Extract verbatim every line from the one containing "Book Libro MUCCHIO D'OSSA" to the final line of the records below, inclusive, and exclude all pictures.

ENTRIES SHOWN below:

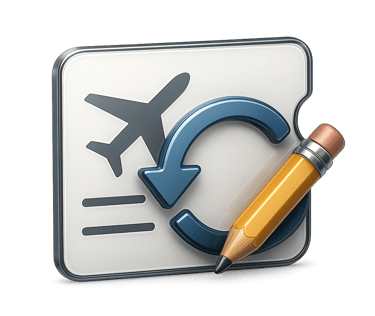 American Airlines, Delta, United, Zip Air, British Airways, Swiss Airlines, TAP Portugal, JSX Flight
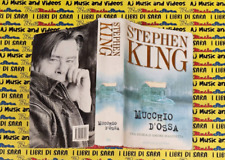 Book Libro MUCCHIO D'OSSA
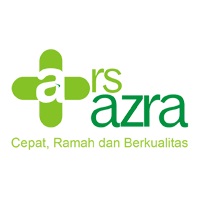 Logo Rumah Sakit Azra Bogor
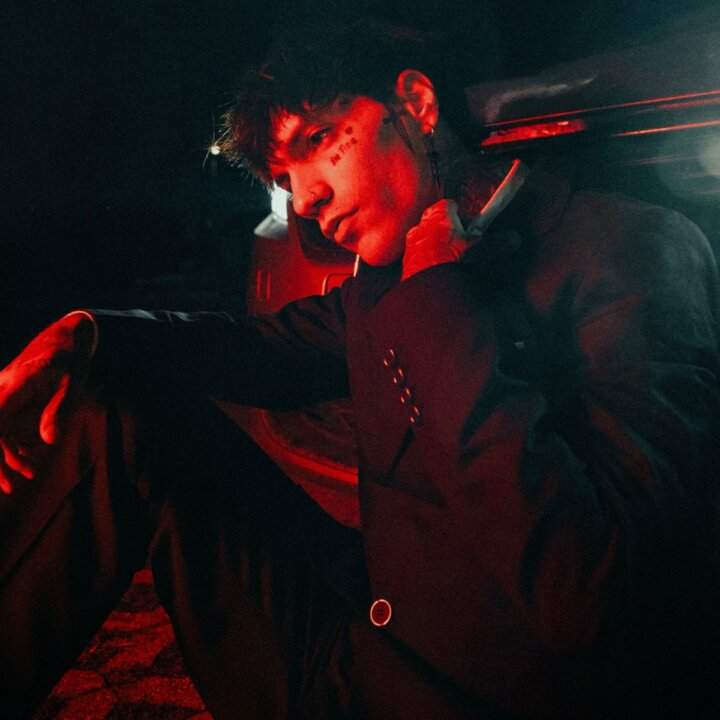 GionnyScandal Cover Milano Temporale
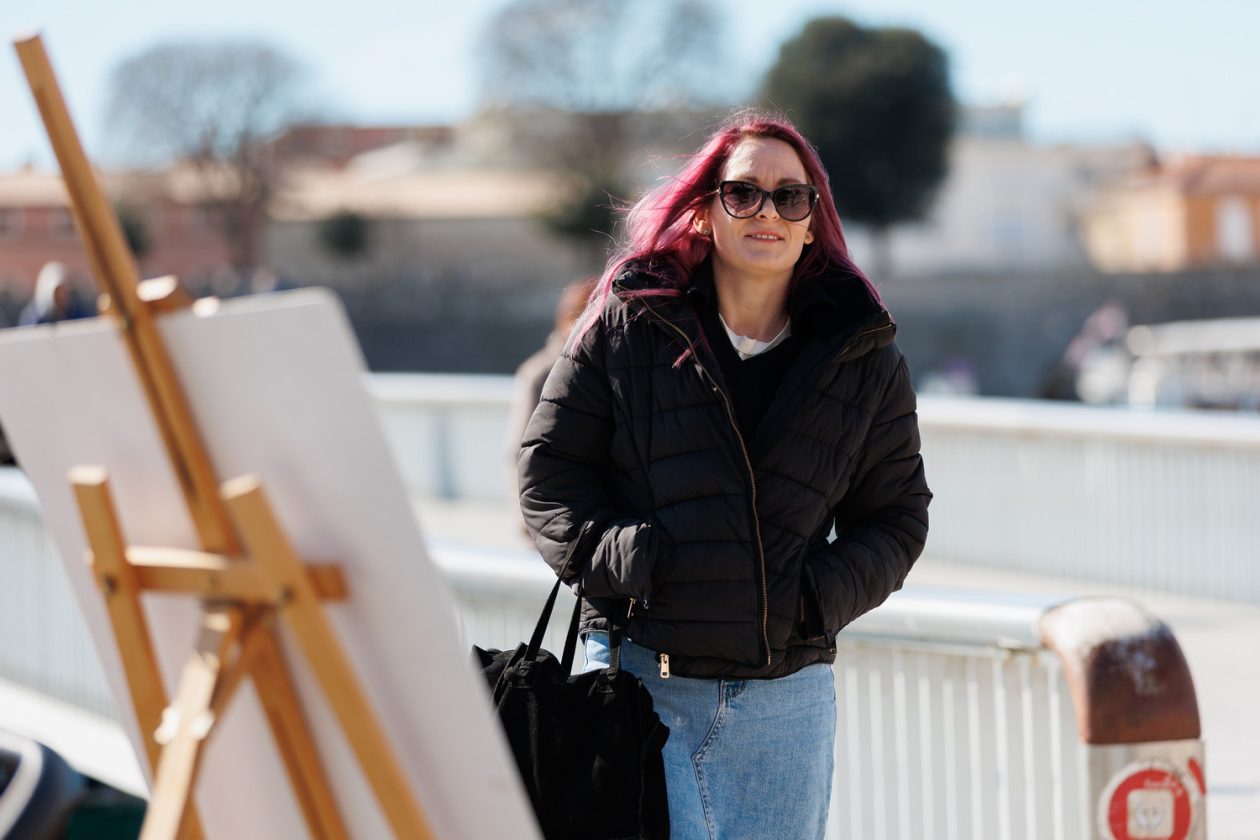 Đir po gradu, subotnja špica 21. 2. 2026.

End of ENTRIES SHOWN.

EXPECTED OUTPUT:
 Book Libro MUCCHIO D'OSSA
 Logo Rumah Sakit Azra Bogor
 GionnyScandal Cover Milano Temporale
 Đir po gradu, subotnja špica 21. 2. 2026.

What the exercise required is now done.